* [Instructions for the task] If an entry holds a picture, leave the picture out and copy the rest exactly.

Supplied data below:

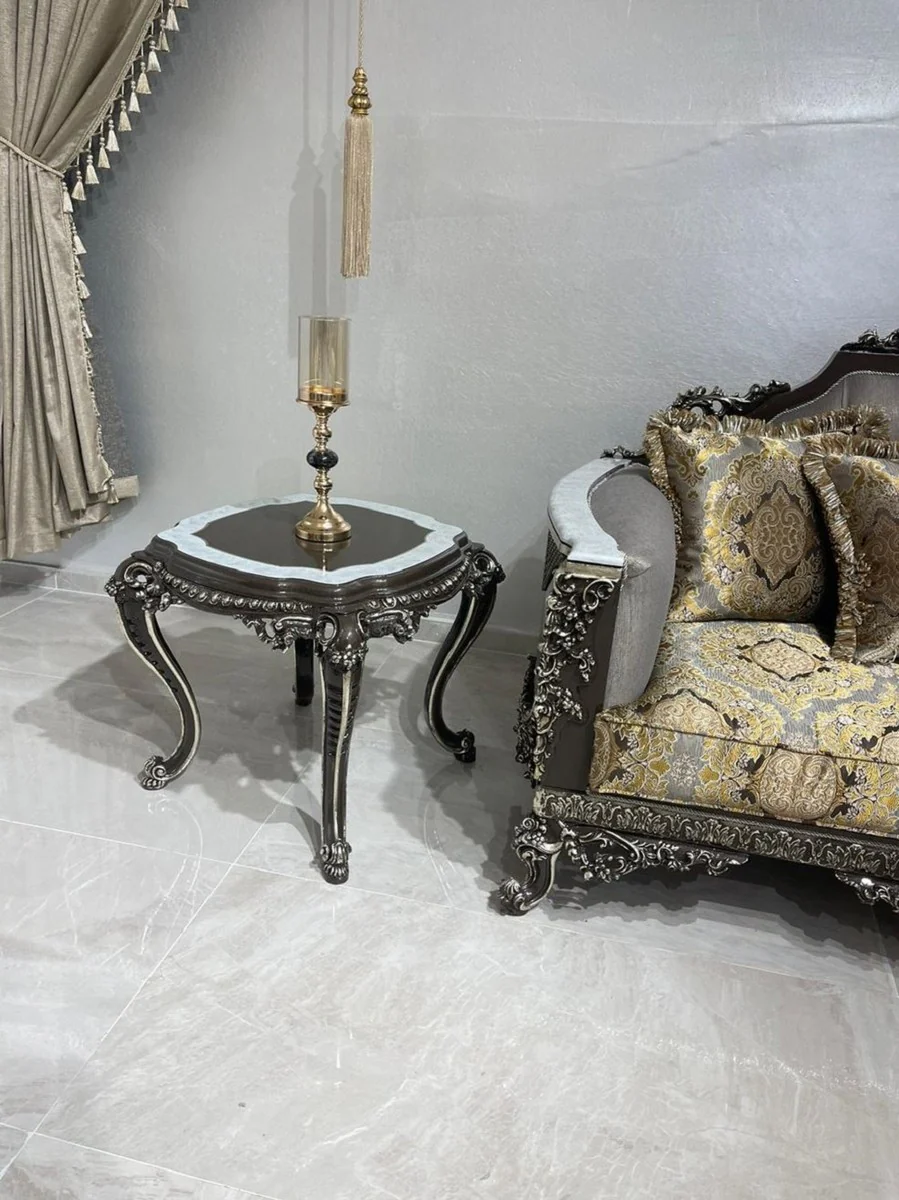 Luxus Barock Beistelltisch Schwarz / Weiß / Silber - Handgefertigter Massivholz Tisch im Barockstil - Luxus Wohnzimmer Möbel im Barockstil - Barock Möbel - Edel & Prunkvoll
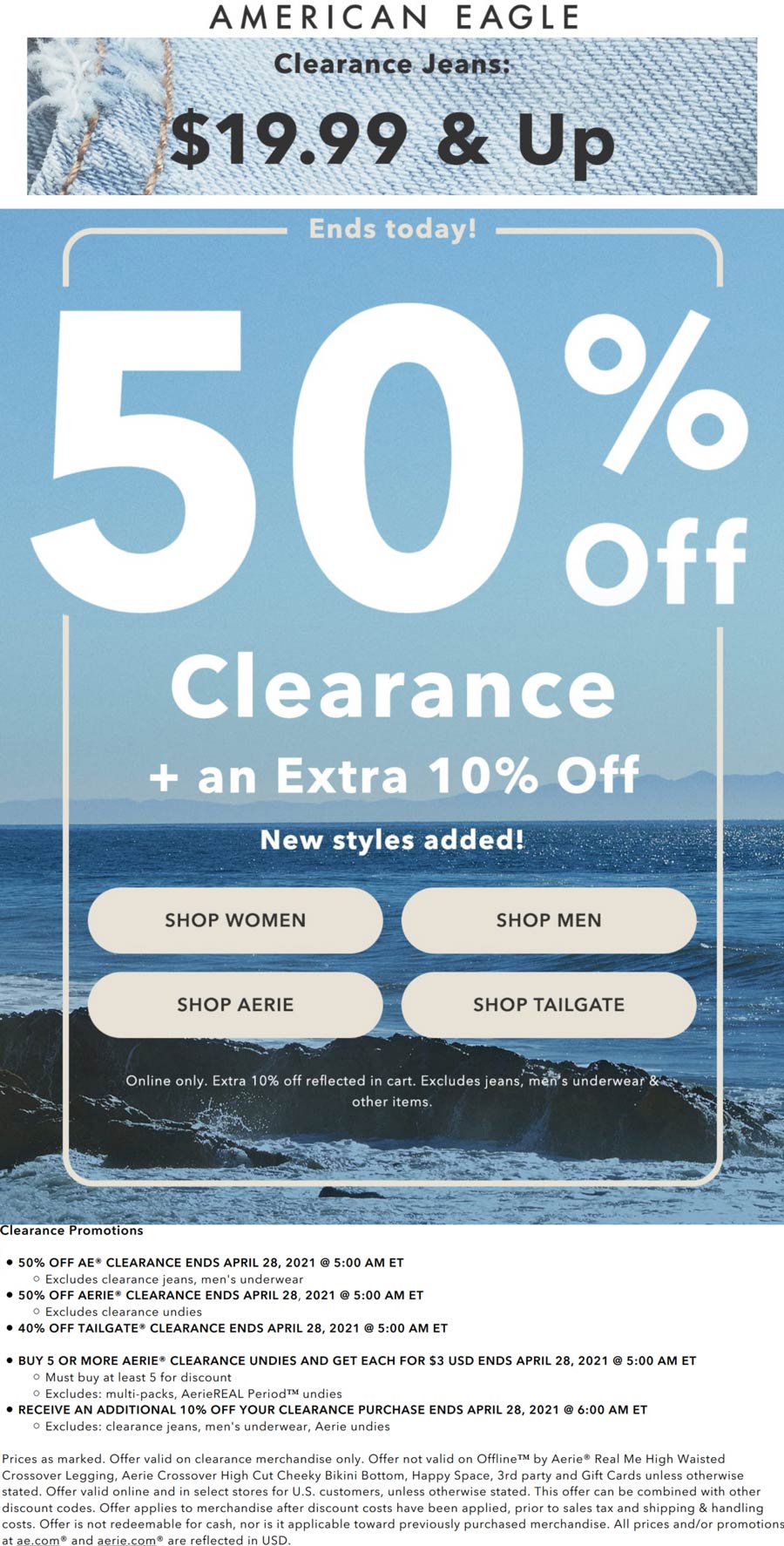 American Eagle stores Coupon  Extra 60% off clearance online today at American Eagle #americaneagle 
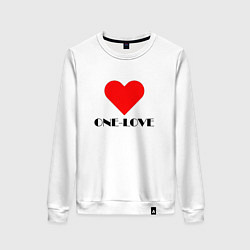 Свитшот хлопковый женский One - love, цвет: белый
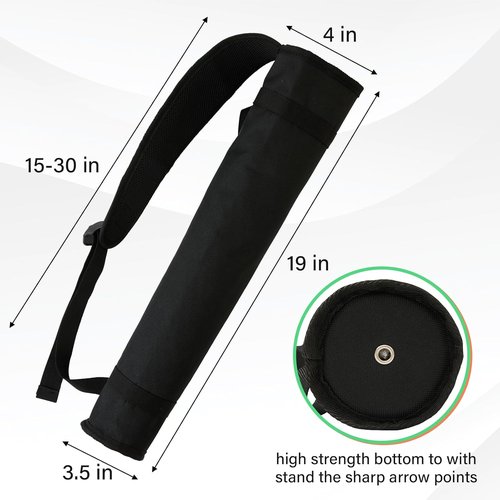 Archery Quiver - Adjustable Back & Hip Arrow Holder for Compound/Recurve Bows - Lightweight Foldable Bag with Shoulder Strap for All Ages
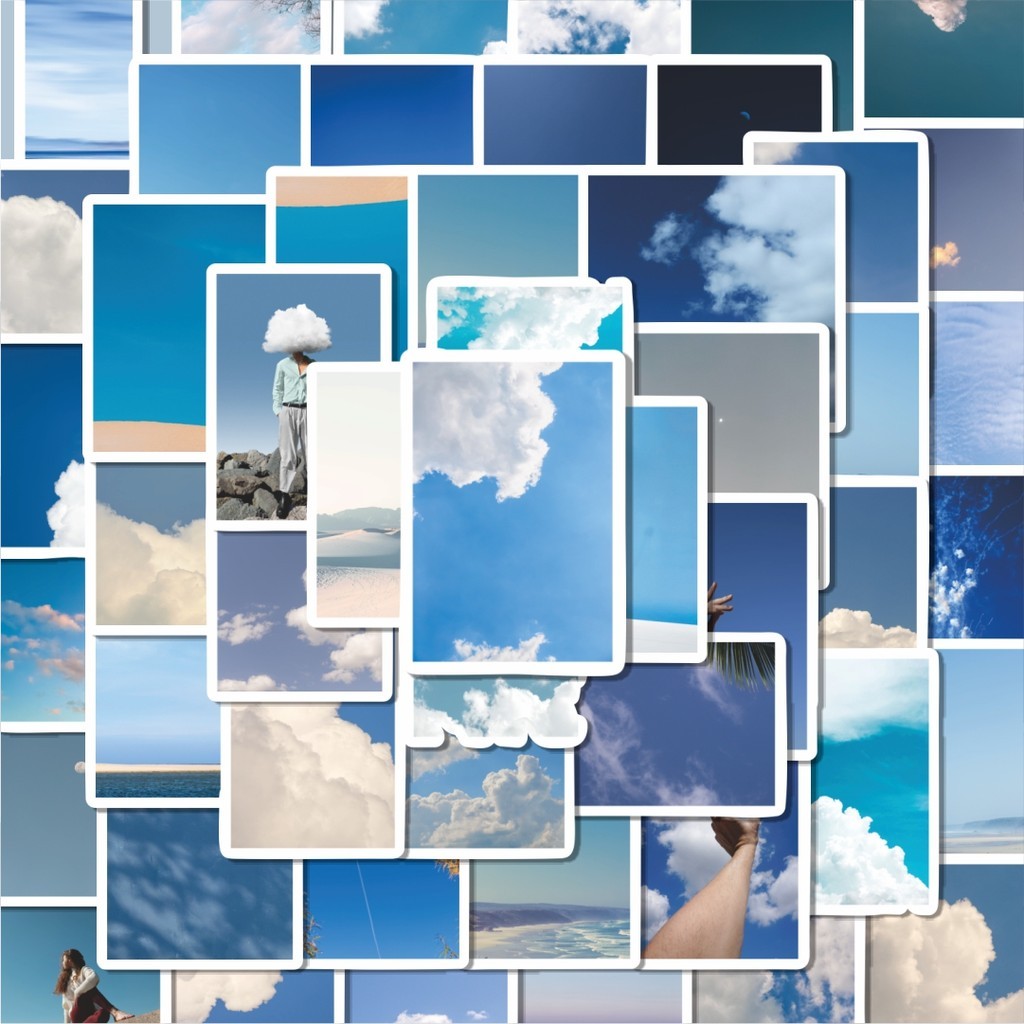 

100PCS Lucu Sticker INS Biru Langit Berbintang Stiker Aesthetic Stiker Anti Air Stikers Berperekat Waterproof sticker decal buat Motor Helm Buku Journal Koper Casing HP Laptop Botol Minum Hadiah anak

End of Supplied data.

* [Finished exercise]
 Luxus Barock Beistelltisch Schwarz / Weiß / Silber - Handgefertigter Massivholz Tisch im Barockstil - Luxus Wohnzimmer Möbel im Barockstil - Barock Möbel - Edel & Prunkvoll
 American Eagle stores Coupon  Extra 60% off clearance online today at American Eagle #americaneagle 
 Свитшот хлопковый женский One - love, цвет: белый
 Archery Quiver - Adjustable Back & Hip Arrow Holder for Compound/Recurve Bows - Lightweight Foldable Bag with Shoulder Strap for All Ages

100PCS Lucu Sticker INS Biru Langit Berbintang Stiker Aesthetic Stiker Anti Air Stikers Berperekat Waterproof sticker decal buat Motor Helm Buku Journal Koper Casing HP Laptop Botol Minum Hadiah anak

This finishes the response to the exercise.